A working group set up by the county government to advise on pricing the facility is expected to provide its recommendations to county officials early in 2019, Kalish said.
The working group empaneled to look at fees for use of the aquatics center has been meeting sporadically since the spring. (Background on the effort is found at https://projects.arlingtonva.us/long-bridge-park-fees-work-group/.)
ETC Institute has worked with the Arlington government since 2002. The firm aims to collect 800 valid responses, which it says would give a 95-percent confidence level and margin of error of plus or minus 3.5 percent.
The aquatics center is slated to open in mid-2020. Last year, county staff estimated that first-year operating revenues would be about $3.19 million and expenses would be $4.25 million, leaving a gap of just over $1 million to be filled by taxpayers.
If that projection plays out, the financial prospects of the facility will be significantly improved from earlier iterations, which estimated the need for an annual subsidy ranging from $1.9 million to $3.8 million.
(Those figures represent only operating costs, and do not take into account the cost of paying off construction bonds, which could add an average $2.5 million to $3 million in annual expenses – more in the early years of the facility – for county taxpayers.)
Plans for a major pool complex as a centerpiece of Long Bridge Park in Crystal City long have been in the works, but the project has seen more unforeseen plot twists than a cheap detective novel.
Arlington voters by a 76-percent majority in 2004 approved a park bond that, they were told at the time, included enough funding to cover the entire cost of the Long Bridge Park project, including an aquatics facility.
But, after a case of “mission creep” that saw the proposal balloon in scope and cost, county leaders in 2012 had to seek additional funding through another park bond, at a time when public discontent over what critics derided as gold-plated “vanity” projects in Arlington was beginning to gather steam.
Voters in November 2012 gave the request for more cash the green light, but the margin (63-percent support) was almost 20 percentage points lower than several other bond packages on the same ballot.
That tepid result was a foreshadowing of a nascent voter revolution that two years later propelled independent John Vihstadt to the County Board and, indirectly, led to the scuttling of two other major projects: the Columbia Pike streetcar, which never got past the planning stage, and the Artisphere arts center, which hemorrhaged money in its few years of operation.
After construction-cost estimates came in significantly higher than expected, then-County Manager Barbara Donnellan put the aquatics-center project on ice. Her successor, Mark Schwartz, resuscitated it but promised the size would be trimmed and amenities be more off-the-rack and less designer-label.
Arlington County Board members last November voted 4-1 in support of a design of the pool complex.

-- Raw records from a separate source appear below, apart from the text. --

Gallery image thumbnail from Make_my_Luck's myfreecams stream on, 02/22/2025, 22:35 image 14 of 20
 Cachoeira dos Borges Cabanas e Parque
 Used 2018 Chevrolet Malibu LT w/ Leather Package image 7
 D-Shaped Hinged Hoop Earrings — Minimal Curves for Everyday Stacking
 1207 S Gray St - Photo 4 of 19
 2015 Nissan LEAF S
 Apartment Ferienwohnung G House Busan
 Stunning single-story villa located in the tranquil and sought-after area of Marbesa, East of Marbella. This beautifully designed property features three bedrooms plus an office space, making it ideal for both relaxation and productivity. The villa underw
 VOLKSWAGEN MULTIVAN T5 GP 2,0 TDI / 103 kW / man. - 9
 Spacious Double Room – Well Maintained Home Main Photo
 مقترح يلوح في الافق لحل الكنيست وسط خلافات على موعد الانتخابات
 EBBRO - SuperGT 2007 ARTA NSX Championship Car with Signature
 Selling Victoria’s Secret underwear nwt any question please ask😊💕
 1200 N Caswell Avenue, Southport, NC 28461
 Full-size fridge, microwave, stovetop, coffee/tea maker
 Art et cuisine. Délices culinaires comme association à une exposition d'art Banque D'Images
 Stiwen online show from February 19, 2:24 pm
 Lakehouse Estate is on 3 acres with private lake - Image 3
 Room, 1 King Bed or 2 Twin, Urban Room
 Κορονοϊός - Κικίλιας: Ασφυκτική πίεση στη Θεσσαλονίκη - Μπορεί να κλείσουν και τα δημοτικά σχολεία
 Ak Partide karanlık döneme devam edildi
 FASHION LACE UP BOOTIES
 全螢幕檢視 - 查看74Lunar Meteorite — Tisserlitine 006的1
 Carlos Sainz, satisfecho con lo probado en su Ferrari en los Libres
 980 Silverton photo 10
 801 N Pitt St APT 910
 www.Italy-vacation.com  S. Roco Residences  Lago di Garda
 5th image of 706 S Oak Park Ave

The $54.7 million project cost – about $30 million less than the earlier incarnation – will include not just the aquatics/fitness center, but also an extension of Long Bridge Park’s esplanade, rain gardens, public art and parking.
The fact that Arlington leaders held a ground-breaking ceremony for the pool complex in late June without having firm operational-cost figures in hand is something that flummoxes Wayne Kubicki, a veteran civic activist who early on warned about the budget-busting nature of this project.
Kubicki voiced concern that the County Board’s “charge” to the group working on a plan for fees does not give them a revenue target to shoot for.
“One would have hoped that the county might have learned some lessons from the financial mess it created at Artisphere,” he said. “Let’s hope the results at the aquatics center are better.”